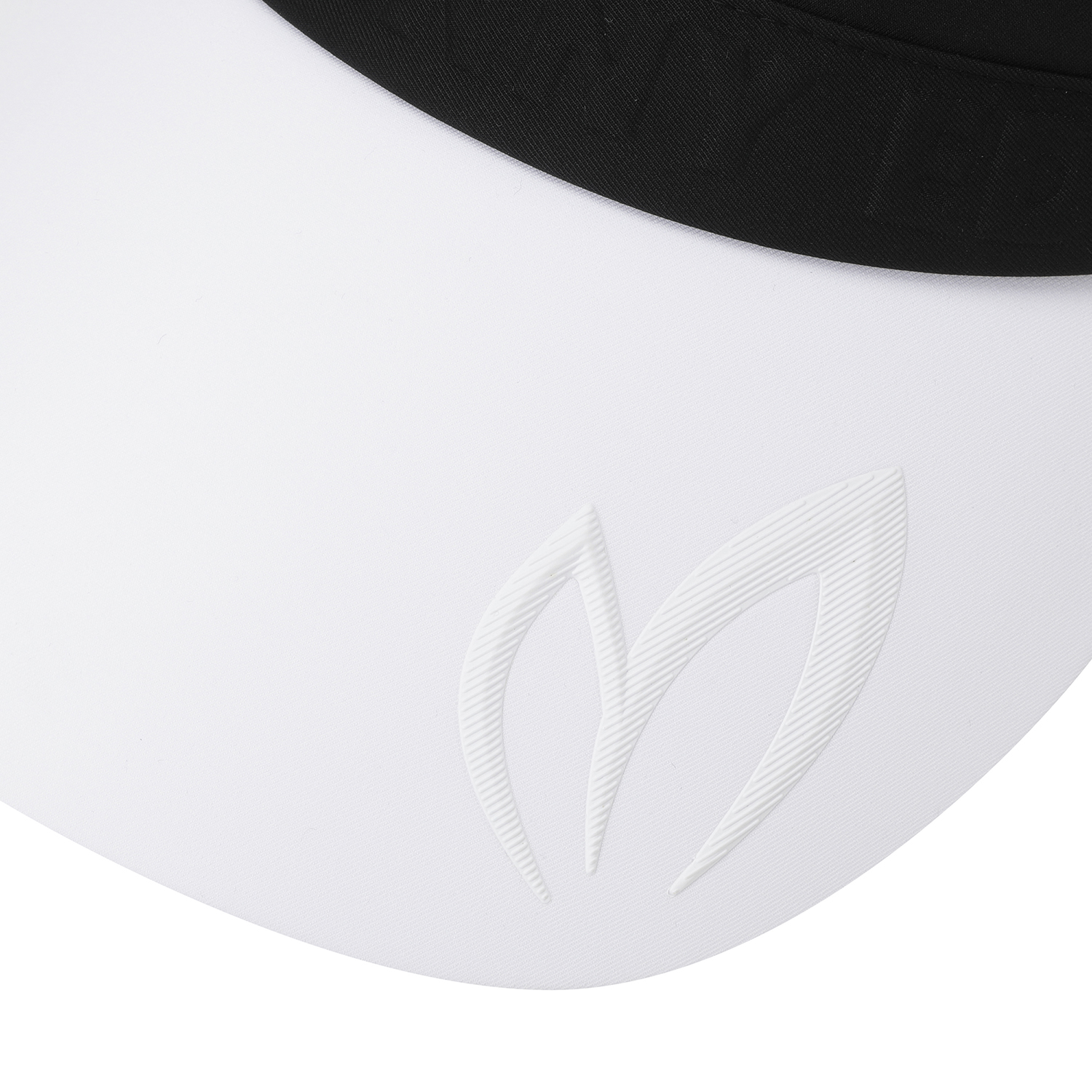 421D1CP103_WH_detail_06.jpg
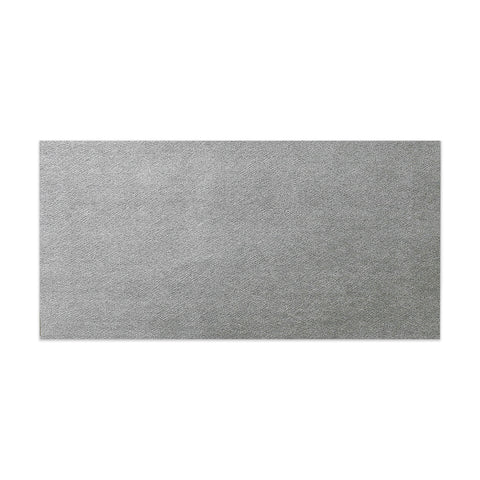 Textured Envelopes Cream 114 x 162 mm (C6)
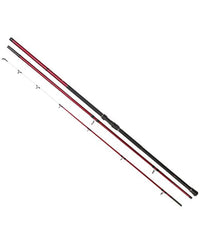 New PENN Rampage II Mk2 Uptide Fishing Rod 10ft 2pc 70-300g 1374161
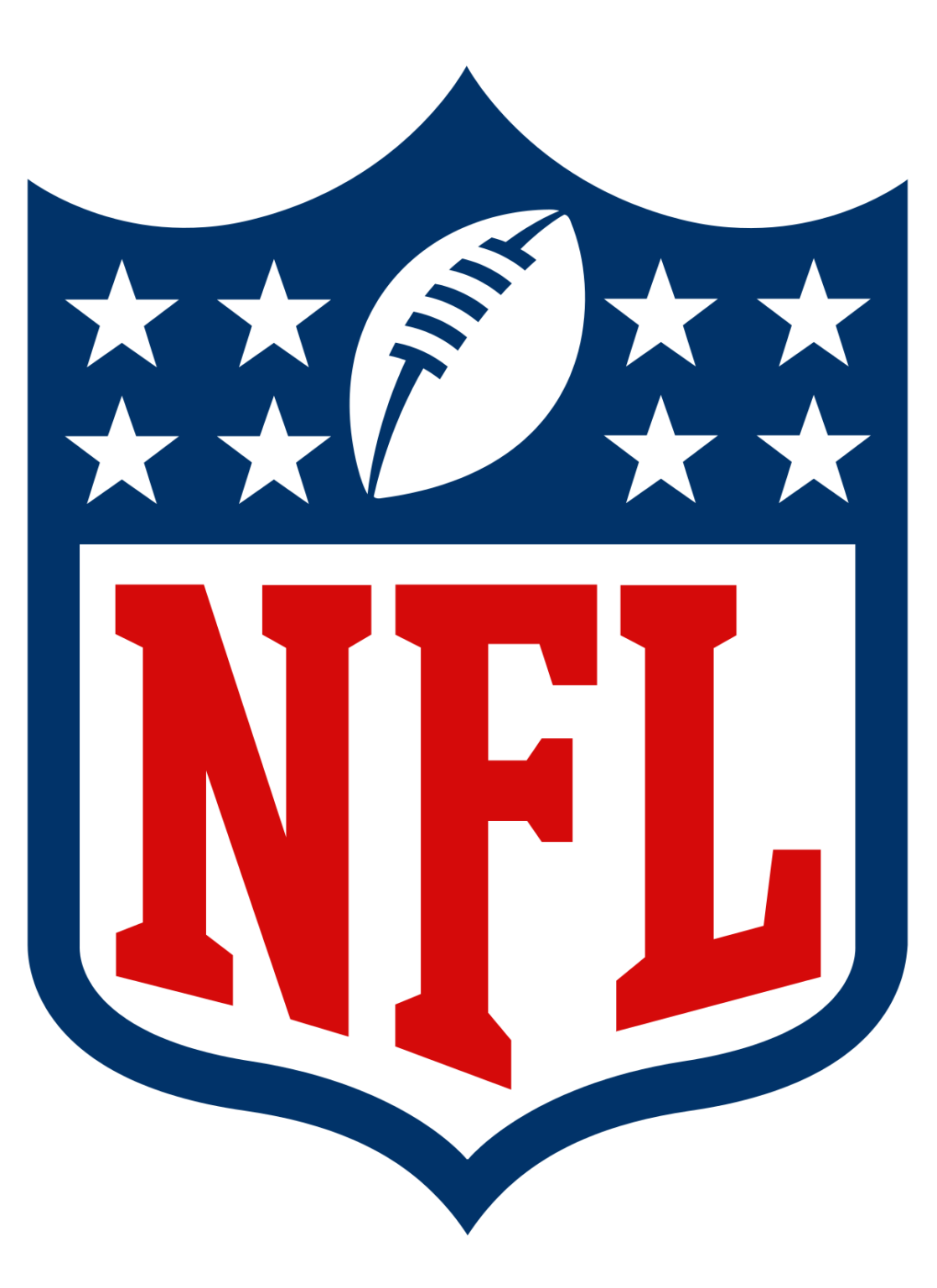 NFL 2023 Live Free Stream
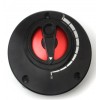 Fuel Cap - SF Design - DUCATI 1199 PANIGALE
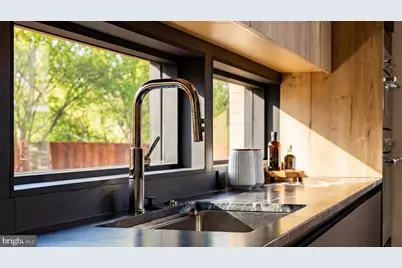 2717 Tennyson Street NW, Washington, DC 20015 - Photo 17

----------------------------------------

WHAT TO PRODUCE
Wherever an image appears, omit it, and retype everything else in the entries exactly.

EXERCISE ANSWER
 421D1CP103_WH_detail_06.jpg
 Textured Envelopes Cream 114 x 162 mm (C6)
 New PENN Rampage II Mk2 Uptide Fishing Rod 10ft 2pc 70-300g 1374161
 NFL 2023 Live Free Stream
 Fuel Cap - SF Design - DUCATI 1199 PANIGALE
 2717 Tennyson Street NW, Washington, DC 20015 - Photo 17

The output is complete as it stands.